Le rectorat de l’Université de Genève (Unige) avait affirmé qu’il porterait plainte après des violences ayant empêché la tenue d’une conférence, le 17 mai, dans ses murs. Non seulement la plainte n’a toujours pas été déposée, mais il est plus que probable qu’elle ne le sera pas. Une solution à l’amiable devrait être trouvée. «Des discussions sont en cours avec la faîtière des étudiants, la Conférence universitaire des associations d’étudiant.e.x.s (CUAE)», confie à watson le directeur de la communication de l’Unige, Marco Cattaneo.
Rappel des faits. Le 17 mai, une vingtaine d’activistes de la cause trans, portant des masques, ont fait irruption avec violence dans la pièce où venait de démarrer une conférence du Français Eric Marty. Ce professeur à l’Université Paris-Diderot présentait son dernier livre, Le sexe des modernes, jugé «transphobe» par les perturbateurs. Le 29 avril, une précédente conférence, organisée dans l’enceinte de l’Unige par la Société suisse de psychanalyse, avait connu le même sort, pour les mêmes raisons. Deux femmes psychanalystes, Caroline Eliacheff et Cécile Masson, auteures de La Fabrique de l'enfant-transgenre, devaient prendre la parole.
Le dépôt d'une plainte n'étant plus d'actualité, sur quoi le rectorat et le syndicat étudiant CUAE négocient-ils à présent?
Cet accord devrait engager la «communauté universitaire», autrement dit, «le corps professoral, les étudiants, le personnel administratif et technique», énumère le directeur de la communication de l’Unige. «La meilleure sortie de crise possible c’est de se retrouver autour de ces valeurs-là», assure ce dernier.
«Les pourparlers ont lieu avec la CUAE et des associations, certaines en défense des manifestants, certaines en défense de l’Université», précise Marco Cattaneo.
Renoncer à la plainte, n’est-ce pas donner raison à l'usage de la violence? «Pas si l’accord réaffirme la prépondérance de la liberté académique», estime le porte-parole de l’Unige.
Marco Cattaneo espère qu’une solution négociée sera trouvée avant les vacances d’été. «Il faut éviter que les choses s’enlisent», dit-il.
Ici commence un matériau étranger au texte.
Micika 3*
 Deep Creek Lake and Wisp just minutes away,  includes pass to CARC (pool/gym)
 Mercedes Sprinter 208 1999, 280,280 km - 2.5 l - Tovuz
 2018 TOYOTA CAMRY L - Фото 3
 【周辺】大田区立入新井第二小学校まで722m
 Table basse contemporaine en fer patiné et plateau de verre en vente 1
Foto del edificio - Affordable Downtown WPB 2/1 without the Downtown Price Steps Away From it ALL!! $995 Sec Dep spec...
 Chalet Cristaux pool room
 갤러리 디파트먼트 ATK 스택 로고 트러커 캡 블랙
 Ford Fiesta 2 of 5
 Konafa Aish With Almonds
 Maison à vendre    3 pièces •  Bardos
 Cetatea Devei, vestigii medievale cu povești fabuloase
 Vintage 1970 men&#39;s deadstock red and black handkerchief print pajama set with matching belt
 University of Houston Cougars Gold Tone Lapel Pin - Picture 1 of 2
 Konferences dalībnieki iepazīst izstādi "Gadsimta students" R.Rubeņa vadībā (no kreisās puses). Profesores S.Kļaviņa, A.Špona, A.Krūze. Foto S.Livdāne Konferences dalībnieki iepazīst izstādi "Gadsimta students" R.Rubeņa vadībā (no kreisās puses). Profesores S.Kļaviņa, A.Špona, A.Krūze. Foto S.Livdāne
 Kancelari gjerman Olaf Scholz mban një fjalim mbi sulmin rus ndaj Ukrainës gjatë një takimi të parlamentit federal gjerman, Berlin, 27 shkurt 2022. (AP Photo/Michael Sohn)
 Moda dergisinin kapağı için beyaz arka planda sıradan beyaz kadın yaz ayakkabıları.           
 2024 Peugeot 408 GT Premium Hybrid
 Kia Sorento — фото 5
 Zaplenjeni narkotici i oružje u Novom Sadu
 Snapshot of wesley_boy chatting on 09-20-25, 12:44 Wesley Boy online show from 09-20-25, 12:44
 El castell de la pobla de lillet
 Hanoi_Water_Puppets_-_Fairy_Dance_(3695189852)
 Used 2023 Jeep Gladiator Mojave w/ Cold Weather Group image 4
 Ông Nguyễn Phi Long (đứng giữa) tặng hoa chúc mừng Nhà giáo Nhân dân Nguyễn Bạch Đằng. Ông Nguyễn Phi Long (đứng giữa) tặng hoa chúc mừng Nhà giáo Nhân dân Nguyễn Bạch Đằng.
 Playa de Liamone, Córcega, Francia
L’accord, s’il y a accord, fera-t-il l’objet d’un engagement écrit ou seulement oral de la part du syndicat CUAE, situé à gauche, qui avait apporté son soutien aux violences activistes et qui avait dans le même temps demandé au rectorat de renoncer à sa plainte? Marco Cattaneo ne répond pas clairement sur ce point, dont on comprend qu’il doit faire partie des «discussions» en cours.
Joint au téléphone par watson, le professeur Eric Marty, dont la conférence empêchée du 17 mai est au cœur des pourparlers entre le rectorat et la CUAE, estime qu’«un simple accord oral n’engagerait pas le syndicat étudiant à grand-chose», qu’un accord écrit aurait une portée plus importante.
Eric Marty n’envisage pas de porter plainte de son côté, «c’est trop de contraintes, en temps et en argent», dit-il.
L’Université de Genève et la CUAE vont-elles signer une resucée de la Paix du travail de 1937 à usage universitaire? Pour rappel, en 1937, les associations patronales renonçaient au lock-out (la fermeture d’usines), quand, de leur côté, les syndicats de la métallurgie et de l’horlogerie renonçaient à la grève.
La CUAE (qui n'a pas répondu à nos sollicitations) acceptera-t-elle de se modérer? A l'inverse, le rectorat, en entrant dans une négociation sous couvert de réaffirmation de la liberté académique, n'est-il pas en train de faire le jeu des censeurs?